A flash of anger sparked in Cristos’s eyes. ‘Do you seriously think I’d do that? That I care so little for her I’d just give up? All I’m saying is that I can’t speak to her right now. Hell, how can I when she won’t let me anywhere near her?’

They were sitting in the hotel bar, untouched drinks on the table between them. Paula was uncomfortably aware of the way people were staring at them, some were even pointing. At any other time she might have felt proud to be seen with Cristos Bennati, but under the circumstances she just wished they’d mind their own damned business. For his part Cristos seemed oblivious to the attention he was receiving, his only thoughts were for Corrie and how the hell he was going to get them through this.

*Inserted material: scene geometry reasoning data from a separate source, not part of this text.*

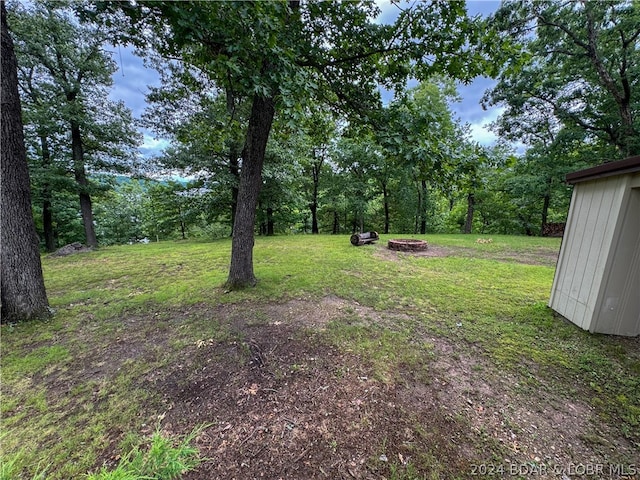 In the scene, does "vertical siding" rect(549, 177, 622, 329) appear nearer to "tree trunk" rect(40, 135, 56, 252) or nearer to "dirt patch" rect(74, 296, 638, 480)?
"dirt patch" rect(74, 296, 638, 480)

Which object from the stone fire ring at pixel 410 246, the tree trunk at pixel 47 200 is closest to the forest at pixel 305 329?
the stone fire ring at pixel 410 246

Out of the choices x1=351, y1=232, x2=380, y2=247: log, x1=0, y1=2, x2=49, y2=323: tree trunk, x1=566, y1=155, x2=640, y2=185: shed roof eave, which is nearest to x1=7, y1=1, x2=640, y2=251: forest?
x1=566, y1=155, x2=640, y2=185: shed roof eave

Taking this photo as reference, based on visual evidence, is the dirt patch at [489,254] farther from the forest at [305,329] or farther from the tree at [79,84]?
the tree at [79,84]

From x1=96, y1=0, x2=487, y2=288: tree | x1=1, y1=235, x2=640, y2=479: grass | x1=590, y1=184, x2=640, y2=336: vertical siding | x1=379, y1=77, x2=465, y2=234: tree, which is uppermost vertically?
x1=96, y1=0, x2=487, y2=288: tree

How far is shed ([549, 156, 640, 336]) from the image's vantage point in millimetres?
2461

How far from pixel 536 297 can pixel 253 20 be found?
523 cm

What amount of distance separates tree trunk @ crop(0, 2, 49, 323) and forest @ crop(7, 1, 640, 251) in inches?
47.8

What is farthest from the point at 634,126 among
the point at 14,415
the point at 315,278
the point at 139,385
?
the point at 14,415

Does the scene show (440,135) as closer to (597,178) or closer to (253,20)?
(597,178)

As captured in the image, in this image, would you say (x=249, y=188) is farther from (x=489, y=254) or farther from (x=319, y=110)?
(x=489, y=254)

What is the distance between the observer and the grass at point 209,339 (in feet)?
5.50

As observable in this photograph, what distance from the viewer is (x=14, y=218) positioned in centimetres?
284

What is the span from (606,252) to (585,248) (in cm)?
36

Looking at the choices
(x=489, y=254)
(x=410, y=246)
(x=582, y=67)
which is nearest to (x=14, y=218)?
(x=410, y=246) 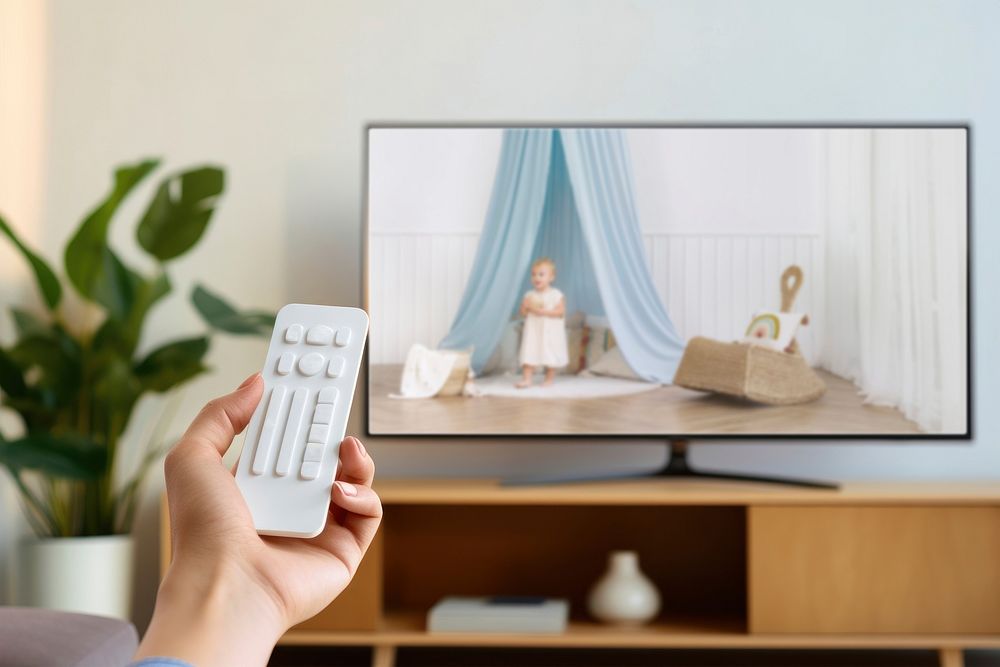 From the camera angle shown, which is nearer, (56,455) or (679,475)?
(56,455)

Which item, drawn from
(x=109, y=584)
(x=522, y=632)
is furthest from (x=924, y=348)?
(x=109, y=584)

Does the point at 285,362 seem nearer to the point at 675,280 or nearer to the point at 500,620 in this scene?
the point at 500,620

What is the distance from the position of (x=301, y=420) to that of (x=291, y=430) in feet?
0.04

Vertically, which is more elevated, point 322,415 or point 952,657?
point 322,415

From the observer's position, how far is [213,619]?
61 cm

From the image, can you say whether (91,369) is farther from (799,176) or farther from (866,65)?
(866,65)

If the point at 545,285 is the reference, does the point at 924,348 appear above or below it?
below

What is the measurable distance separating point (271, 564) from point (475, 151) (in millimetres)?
1857

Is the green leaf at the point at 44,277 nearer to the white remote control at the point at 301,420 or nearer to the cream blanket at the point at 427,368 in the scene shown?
the cream blanket at the point at 427,368

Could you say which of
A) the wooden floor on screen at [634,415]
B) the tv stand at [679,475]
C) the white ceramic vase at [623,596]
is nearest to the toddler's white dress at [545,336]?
the wooden floor on screen at [634,415]

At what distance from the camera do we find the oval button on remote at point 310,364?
898 millimetres

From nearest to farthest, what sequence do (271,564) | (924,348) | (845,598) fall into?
(271,564) < (845,598) < (924,348)

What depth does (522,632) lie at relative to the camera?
7.43 feet

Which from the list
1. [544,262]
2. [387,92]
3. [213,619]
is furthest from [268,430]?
[387,92] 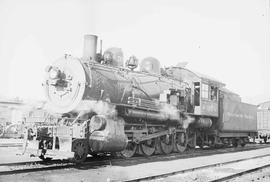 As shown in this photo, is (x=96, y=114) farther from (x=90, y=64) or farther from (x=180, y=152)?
(x=180, y=152)

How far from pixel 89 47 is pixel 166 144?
5.17m

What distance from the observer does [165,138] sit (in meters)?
12.6

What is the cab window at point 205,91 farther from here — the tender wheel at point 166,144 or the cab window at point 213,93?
the tender wheel at point 166,144

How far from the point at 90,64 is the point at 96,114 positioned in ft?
5.16

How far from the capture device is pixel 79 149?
8.78 metres

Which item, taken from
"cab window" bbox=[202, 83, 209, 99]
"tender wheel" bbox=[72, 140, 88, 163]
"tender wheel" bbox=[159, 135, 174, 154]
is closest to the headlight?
"tender wheel" bbox=[72, 140, 88, 163]

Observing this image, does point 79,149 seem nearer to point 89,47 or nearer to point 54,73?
point 54,73

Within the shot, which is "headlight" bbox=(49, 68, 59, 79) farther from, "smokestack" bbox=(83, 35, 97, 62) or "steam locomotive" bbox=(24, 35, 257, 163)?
"smokestack" bbox=(83, 35, 97, 62)

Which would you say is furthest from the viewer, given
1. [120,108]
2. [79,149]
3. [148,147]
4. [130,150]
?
[148,147]

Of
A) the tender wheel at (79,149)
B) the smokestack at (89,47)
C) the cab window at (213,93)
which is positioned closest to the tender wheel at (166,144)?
the cab window at (213,93)

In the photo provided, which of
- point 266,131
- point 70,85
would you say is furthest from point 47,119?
point 266,131

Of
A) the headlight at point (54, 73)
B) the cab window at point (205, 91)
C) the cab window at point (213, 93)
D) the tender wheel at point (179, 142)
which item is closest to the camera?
the headlight at point (54, 73)

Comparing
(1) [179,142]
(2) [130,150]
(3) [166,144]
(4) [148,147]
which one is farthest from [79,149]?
(1) [179,142]

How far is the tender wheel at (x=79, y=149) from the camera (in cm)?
864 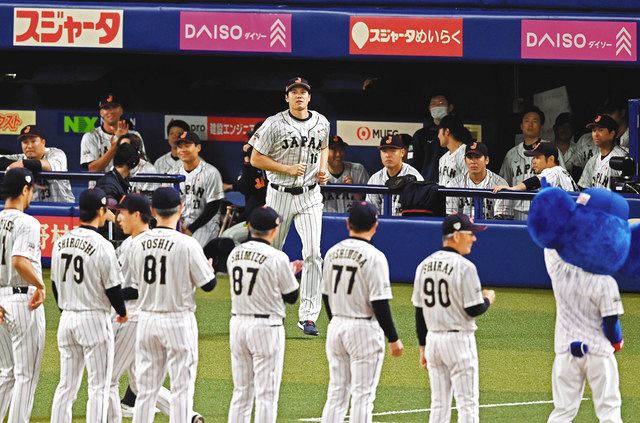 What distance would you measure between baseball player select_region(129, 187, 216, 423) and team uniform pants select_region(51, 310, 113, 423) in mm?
195

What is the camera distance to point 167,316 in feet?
26.1

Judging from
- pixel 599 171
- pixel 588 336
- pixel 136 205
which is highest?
pixel 599 171

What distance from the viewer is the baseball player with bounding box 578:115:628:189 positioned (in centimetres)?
1362

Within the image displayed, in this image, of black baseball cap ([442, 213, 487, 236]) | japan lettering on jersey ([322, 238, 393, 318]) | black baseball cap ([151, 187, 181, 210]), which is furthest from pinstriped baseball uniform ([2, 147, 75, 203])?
black baseball cap ([442, 213, 487, 236])

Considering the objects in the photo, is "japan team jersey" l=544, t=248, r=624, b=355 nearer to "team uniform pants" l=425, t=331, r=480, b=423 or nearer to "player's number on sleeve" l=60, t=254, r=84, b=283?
"team uniform pants" l=425, t=331, r=480, b=423

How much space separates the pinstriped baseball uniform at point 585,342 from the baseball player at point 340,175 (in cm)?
653

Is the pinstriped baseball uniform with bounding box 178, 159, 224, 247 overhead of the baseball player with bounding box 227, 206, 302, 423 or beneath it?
overhead

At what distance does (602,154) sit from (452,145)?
1.54 metres

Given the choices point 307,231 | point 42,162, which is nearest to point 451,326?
point 307,231

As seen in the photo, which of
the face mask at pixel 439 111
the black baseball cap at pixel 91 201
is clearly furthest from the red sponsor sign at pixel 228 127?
the black baseball cap at pixel 91 201

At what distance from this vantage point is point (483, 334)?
1202 cm

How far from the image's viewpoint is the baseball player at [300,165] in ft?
36.4

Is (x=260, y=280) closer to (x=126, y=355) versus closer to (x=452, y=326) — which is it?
(x=452, y=326)

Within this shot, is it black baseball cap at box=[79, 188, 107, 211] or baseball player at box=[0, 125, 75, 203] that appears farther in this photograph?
baseball player at box=[0, 125, 75, 203] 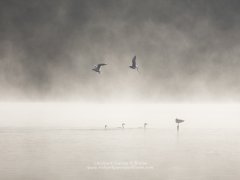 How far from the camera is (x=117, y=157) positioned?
130 feet

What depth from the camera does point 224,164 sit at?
36906 millimetres

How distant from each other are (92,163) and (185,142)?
15406 millimetres

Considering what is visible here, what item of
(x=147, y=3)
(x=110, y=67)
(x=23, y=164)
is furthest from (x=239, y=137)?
(x=110, y=67)

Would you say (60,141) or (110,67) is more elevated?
(110,67)

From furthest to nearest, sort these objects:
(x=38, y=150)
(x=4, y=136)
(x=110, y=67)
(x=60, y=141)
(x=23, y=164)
Result: (x=110, y=67) → (x=4, y=136) → (x=60, y=141) → (x=38, y=150) → (x=23, y=164)

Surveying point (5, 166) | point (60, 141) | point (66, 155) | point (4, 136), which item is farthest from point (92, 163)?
point (4, 136)

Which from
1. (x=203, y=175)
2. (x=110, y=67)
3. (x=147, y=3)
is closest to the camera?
(x=203, y=175)

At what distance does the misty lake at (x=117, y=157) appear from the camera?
1315 inches

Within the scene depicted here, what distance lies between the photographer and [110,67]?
539ft

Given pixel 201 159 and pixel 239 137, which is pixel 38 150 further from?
pixel 239 137

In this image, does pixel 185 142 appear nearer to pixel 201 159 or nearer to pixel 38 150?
pixel 201 159

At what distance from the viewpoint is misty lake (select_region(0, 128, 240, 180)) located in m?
33.4

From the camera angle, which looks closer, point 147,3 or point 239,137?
point 239,137

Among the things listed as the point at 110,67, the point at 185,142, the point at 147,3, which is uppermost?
the point at 147,3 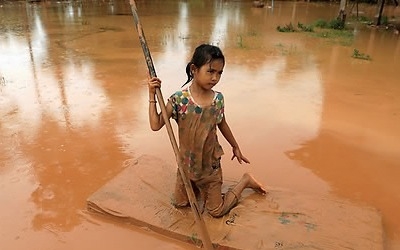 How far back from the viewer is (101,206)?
106 inches

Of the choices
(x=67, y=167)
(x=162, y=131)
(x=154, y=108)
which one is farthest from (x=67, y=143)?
(x=154, y=108)

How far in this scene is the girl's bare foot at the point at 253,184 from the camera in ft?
9.07

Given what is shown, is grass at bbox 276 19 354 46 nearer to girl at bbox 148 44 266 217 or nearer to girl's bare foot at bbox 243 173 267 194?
girl's bare foot at bbox 243 173 267 194

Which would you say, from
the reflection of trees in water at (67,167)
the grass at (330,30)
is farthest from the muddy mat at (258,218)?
the grass at (330,30)

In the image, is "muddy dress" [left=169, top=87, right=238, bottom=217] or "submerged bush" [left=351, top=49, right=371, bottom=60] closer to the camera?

Paula was on the point of speaking again when Jeannie came into the bar and joined them.

‘How you doing?’ she said to Cristos.

‘Just great,’ he said flatly.

Jeannie glanced at Paula then taking a deep breath she said, ‘Did you want me to cancel your flight home tomorrow?’

Cristos looked up, a deep resentment burning in his eyes.

‘I think you should,’ Paula answered for him. ‘Corrie’s not being discharged until Monday.’

Jeannie nodded. ‘I’ll get onto it. How is she now? Do you reckon they’ll let me see her if I go over there?’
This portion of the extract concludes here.